- _Data to examine_:
....

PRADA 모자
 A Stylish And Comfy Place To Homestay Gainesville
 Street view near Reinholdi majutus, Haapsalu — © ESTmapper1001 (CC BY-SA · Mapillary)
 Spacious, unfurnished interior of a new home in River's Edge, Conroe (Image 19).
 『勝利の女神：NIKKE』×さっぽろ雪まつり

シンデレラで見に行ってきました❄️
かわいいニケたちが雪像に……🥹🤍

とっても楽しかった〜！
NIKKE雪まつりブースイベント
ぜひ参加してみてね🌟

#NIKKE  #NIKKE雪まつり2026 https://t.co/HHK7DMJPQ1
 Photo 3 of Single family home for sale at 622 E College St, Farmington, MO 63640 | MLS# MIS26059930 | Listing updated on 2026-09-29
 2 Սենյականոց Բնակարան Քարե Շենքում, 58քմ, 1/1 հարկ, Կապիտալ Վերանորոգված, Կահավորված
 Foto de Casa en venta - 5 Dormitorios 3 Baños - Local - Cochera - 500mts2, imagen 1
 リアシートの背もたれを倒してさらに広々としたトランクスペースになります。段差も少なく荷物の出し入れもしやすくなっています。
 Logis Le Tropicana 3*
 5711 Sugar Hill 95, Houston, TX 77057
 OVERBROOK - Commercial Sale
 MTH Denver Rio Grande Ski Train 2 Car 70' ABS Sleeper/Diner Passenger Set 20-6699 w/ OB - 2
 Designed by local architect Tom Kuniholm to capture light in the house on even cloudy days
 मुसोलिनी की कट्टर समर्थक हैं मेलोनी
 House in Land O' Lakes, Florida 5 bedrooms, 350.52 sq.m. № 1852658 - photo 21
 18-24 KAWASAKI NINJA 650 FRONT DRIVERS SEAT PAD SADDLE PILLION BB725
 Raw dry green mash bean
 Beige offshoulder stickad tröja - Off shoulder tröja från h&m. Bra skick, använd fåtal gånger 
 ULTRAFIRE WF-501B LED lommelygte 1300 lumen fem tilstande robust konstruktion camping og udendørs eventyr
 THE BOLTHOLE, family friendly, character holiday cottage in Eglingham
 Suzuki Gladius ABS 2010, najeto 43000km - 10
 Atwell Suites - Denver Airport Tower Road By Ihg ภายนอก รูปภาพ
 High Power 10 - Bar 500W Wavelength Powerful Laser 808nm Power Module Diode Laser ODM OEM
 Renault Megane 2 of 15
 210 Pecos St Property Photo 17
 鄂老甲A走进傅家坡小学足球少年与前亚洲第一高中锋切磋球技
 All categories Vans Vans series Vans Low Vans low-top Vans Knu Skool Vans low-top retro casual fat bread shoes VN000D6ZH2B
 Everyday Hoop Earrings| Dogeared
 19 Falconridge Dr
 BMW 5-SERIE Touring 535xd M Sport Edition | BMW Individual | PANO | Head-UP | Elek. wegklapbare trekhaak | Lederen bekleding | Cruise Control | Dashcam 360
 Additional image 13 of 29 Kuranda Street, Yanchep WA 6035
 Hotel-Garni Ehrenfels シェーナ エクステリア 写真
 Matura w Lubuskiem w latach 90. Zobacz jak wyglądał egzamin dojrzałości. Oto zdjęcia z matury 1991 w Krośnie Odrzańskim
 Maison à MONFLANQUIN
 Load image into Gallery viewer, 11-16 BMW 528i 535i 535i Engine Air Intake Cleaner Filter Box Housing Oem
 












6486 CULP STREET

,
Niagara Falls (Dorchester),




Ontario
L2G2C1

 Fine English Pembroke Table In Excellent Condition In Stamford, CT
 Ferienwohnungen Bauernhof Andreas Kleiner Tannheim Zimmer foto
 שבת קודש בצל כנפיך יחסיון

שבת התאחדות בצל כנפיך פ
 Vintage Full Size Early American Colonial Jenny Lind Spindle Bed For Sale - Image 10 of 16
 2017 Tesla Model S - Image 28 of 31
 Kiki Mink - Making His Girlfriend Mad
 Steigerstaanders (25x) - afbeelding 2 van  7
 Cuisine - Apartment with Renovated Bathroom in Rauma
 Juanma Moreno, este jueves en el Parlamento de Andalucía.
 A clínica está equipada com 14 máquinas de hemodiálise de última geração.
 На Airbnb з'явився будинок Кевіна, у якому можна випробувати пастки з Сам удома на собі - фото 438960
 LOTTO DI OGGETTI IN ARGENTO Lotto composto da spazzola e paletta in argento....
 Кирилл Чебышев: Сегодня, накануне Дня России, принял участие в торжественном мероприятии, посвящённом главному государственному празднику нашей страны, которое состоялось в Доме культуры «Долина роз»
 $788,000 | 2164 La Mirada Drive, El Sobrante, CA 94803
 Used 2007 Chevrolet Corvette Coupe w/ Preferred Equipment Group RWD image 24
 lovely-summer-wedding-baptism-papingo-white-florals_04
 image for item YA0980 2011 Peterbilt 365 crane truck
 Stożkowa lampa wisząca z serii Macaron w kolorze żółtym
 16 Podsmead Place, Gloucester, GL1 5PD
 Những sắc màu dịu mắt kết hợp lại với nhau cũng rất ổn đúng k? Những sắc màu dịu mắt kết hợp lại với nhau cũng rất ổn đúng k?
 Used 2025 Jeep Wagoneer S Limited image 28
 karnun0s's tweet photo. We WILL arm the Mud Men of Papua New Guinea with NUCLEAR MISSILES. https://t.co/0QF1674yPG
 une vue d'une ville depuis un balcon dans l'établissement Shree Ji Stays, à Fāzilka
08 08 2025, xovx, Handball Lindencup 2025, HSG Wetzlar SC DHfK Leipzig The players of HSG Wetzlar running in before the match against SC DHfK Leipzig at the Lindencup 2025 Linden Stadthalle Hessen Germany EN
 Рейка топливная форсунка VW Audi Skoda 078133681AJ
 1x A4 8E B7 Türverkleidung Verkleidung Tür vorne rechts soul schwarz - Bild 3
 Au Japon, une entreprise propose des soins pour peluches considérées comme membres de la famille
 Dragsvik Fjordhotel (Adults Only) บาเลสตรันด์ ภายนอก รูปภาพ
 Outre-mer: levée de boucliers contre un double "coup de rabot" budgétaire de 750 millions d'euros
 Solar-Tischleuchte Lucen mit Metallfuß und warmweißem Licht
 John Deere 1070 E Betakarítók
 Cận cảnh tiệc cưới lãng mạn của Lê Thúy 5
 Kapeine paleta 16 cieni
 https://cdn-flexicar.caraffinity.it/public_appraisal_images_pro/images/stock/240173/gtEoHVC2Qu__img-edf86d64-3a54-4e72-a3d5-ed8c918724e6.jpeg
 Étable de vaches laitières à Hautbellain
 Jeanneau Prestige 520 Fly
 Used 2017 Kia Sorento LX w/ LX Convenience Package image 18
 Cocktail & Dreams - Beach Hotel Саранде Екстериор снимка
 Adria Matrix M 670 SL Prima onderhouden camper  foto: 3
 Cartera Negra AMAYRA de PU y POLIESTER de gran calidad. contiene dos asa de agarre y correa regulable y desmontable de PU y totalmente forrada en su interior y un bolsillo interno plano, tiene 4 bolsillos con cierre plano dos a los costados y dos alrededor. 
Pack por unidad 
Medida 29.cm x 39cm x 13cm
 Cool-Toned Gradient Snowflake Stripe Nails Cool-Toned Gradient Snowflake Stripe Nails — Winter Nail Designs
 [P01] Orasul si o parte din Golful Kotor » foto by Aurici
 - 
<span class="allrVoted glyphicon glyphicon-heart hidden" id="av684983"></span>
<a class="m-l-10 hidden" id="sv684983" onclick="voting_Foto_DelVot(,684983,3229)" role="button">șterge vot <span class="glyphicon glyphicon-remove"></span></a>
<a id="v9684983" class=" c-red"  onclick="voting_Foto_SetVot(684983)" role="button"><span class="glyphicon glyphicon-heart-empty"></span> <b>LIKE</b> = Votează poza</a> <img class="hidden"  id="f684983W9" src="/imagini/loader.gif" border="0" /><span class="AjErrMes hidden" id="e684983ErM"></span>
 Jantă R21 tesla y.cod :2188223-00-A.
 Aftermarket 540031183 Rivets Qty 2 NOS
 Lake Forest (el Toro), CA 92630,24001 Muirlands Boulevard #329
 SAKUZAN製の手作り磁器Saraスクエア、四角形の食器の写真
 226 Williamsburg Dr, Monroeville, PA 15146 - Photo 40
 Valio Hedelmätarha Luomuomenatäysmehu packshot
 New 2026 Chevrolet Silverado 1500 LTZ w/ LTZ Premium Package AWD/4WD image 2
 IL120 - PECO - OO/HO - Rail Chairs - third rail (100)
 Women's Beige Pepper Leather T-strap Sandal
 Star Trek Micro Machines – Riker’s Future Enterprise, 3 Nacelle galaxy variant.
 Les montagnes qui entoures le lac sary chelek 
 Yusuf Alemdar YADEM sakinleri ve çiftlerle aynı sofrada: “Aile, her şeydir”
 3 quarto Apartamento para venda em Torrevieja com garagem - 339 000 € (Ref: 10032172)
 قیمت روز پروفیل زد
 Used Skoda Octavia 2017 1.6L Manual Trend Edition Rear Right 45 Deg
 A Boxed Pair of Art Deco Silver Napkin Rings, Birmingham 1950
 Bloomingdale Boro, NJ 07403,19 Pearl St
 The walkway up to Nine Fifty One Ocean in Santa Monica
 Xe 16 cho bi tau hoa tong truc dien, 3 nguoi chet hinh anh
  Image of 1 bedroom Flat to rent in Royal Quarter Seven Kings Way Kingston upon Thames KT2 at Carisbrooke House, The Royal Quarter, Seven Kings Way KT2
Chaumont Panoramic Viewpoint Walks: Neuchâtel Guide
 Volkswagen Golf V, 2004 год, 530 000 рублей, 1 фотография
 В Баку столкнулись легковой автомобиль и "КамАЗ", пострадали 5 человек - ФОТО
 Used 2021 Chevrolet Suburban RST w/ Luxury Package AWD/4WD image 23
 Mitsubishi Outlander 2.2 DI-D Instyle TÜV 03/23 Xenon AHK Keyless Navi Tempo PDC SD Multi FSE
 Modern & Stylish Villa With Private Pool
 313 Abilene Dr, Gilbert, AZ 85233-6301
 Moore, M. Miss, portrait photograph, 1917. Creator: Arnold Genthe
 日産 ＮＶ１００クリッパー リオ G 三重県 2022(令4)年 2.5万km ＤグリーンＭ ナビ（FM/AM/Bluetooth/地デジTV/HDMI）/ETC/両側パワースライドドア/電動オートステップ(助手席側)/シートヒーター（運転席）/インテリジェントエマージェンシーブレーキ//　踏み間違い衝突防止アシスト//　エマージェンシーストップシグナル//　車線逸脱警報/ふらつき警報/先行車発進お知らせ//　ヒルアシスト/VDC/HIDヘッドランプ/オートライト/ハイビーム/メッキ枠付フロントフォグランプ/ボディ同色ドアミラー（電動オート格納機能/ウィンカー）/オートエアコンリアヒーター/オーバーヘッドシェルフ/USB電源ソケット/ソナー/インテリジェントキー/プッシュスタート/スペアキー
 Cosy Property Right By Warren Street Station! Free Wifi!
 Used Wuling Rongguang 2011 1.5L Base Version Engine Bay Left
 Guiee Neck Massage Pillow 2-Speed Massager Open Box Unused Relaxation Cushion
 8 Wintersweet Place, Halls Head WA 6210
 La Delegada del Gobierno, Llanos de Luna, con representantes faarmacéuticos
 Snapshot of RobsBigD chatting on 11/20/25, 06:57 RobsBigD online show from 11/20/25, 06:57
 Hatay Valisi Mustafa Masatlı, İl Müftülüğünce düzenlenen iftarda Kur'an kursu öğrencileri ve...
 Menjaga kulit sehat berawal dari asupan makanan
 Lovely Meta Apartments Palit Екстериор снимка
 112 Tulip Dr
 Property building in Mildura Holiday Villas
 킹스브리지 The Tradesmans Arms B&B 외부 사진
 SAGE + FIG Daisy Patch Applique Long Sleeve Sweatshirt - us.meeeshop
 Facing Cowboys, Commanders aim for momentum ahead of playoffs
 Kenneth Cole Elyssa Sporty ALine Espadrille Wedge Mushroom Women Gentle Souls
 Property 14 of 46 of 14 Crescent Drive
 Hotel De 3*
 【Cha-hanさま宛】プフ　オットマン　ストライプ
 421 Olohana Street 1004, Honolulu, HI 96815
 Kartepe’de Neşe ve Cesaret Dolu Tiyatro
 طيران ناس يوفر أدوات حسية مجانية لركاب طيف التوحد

....

- _Prompt_:
Would you please repeat exactly the lines above, starting at the line with "Image of 1 bedroom" and stopping at the line with "313 Abilene Dr, Gilbert, AZ 85233-6301", both included?

- _Exercise answer_:
  Image of 1 bedroom Flat to rent in Royal Quarter Seven Kings Way Kingston upon Thames KT2 at Carisbrooke House, The Royal Quarter, Seven Kings Way KT2
Chaumont Panoramic Viewpoint Walks: Neuchâtel Guide
 Volkswagen Golf V, 2004 год, 530 000 рублей, 1 фотография
 В Баку столкнулись легковой автомобиль и "КамАЗ", пострадали 5 человек - ФОТО
 Used 2021 Chevrolet Suburban RST w/ Luxury Package AWD/4WD image 23
 Mitsubishi Outlander 2.2 DI-D Instyle TÜV 03/23 Xenon AHK Keyless Navi Tempo PDC SD Multi FSE
 Modern & Stylish Villa With Private Pool
 313 Abilene Dr, Gilbert, AZ 85233-6301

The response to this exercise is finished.